At the beginning of January, I decided my sewing room needed a major cleaning/reorganizing. I spent a couple of weeks rearranging the furniture in my sewing room and adding a few new pieces. I think it will really be more efficient in the long run. (More on that to come in a later post.)
I got about 90% finished with the reorg and then I started getting back-to-back jobs and the last 10% has been taking the longest to finish.
But before I got work-busy, I did manage to build myself a new ironing table! Yes, table! No more wimpy ironing board for me! You might recall that I’ve been using the square end of my ironing board and ignoring the pointed end for years.
I’ve always loved the large tables set up in costume shops where I’ve worked (there are usually multiple irons sharing one large surface). It was high time I had my own personal table at home!
And because I know all of you who sew will want one for yourself, I took lots of photos so you can make one too. =)
I’m not sure how long IKEA’s carried this, but I just noticed it recently. It was exactly the size/height I’ve been looking for to use as an ironing table base, and it is solid wood. Plus, it even had the bonus of drawers and shelves!
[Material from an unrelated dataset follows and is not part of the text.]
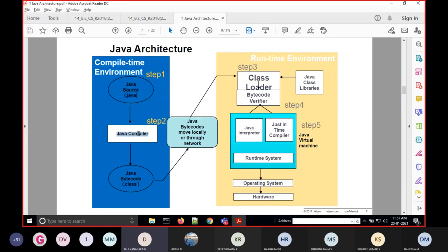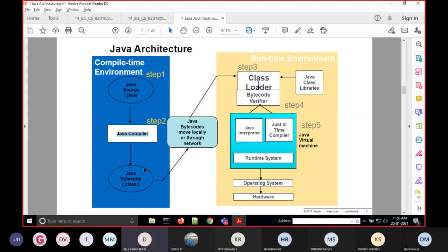If the program compiles successfully, no issue. If there is any error, the compiler will show the error to you and you will need to recompile again. If the program doesn't have any errors, it produces bytecode — the bytecode file has a dot-class extension. These are the things that happen at compile time: if successfully compiled, it will produce bytecode output.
So for $149.00, I had the perfect table base and I didn’t have to engineer anything from scratch. (I still find it amusing that the least expensive large piece of furniture in my sewing room is the cutting table!)
The dimensions of the NORDEN sideboard are 47½” long x 16½” wide x 35⅜” tall. The height was perfect but the top surface was a little small. I needed something that wasn’t too big and would fit along the wall where I already had my ironing board without blocking the closet door.
First, I constructed the sideboard table exactly as the IKEA comic book instructed because I had come up with my own simple plan to make the surface bigger without having to alter the original design.
I wanted a surface area that was significantly larger than my ironing board, which measures 13½” wide x 53” long (to the narrow pointed end). I decided 60” long would be a decent size to fit my space while still being long enough to iron fabric yardage in one pass from selvage to selvage.
I also determined that 19” wide would not take up too much space in my room – I had to be careful not to make my sewing room feel crowded with the other furniture rearranging.
Then, my husband and I went shopping to buy some supplies at the home improvement store:
We already had these but you will also need:
We cut each square dowel into 3 pieces measuring 3”, 14.5”, and 18.5”. The small 3” pieces were a good size to keep the dowels from blocking the drawers on the front of the sideboard. Exact size is not important as long as you are able to frame each corner of the existing tabletop with the dowels.
We turned the IKEA unit upside down, placed it on the plywood top, and marked it so the base would be centered on the plywood lengthwise. (Note: make sure you remove the adjustable shelf before turning table upside down!) We offset the sideboard table a little closer to the front edge so that the dowel would be flush with the edge of the plywood (thus, prettier and easier to cover).
Then we put some extra plywood scrap on the floor underneath everything. This was so we could drill all the way through the plywood top without worrying about drilling into the carpet beneath.
Starting with the two small front dowels, we butted them up to the edge of the sideboard and drilled one hole all the way through the dowel and the first layer of plywood that would be the new top.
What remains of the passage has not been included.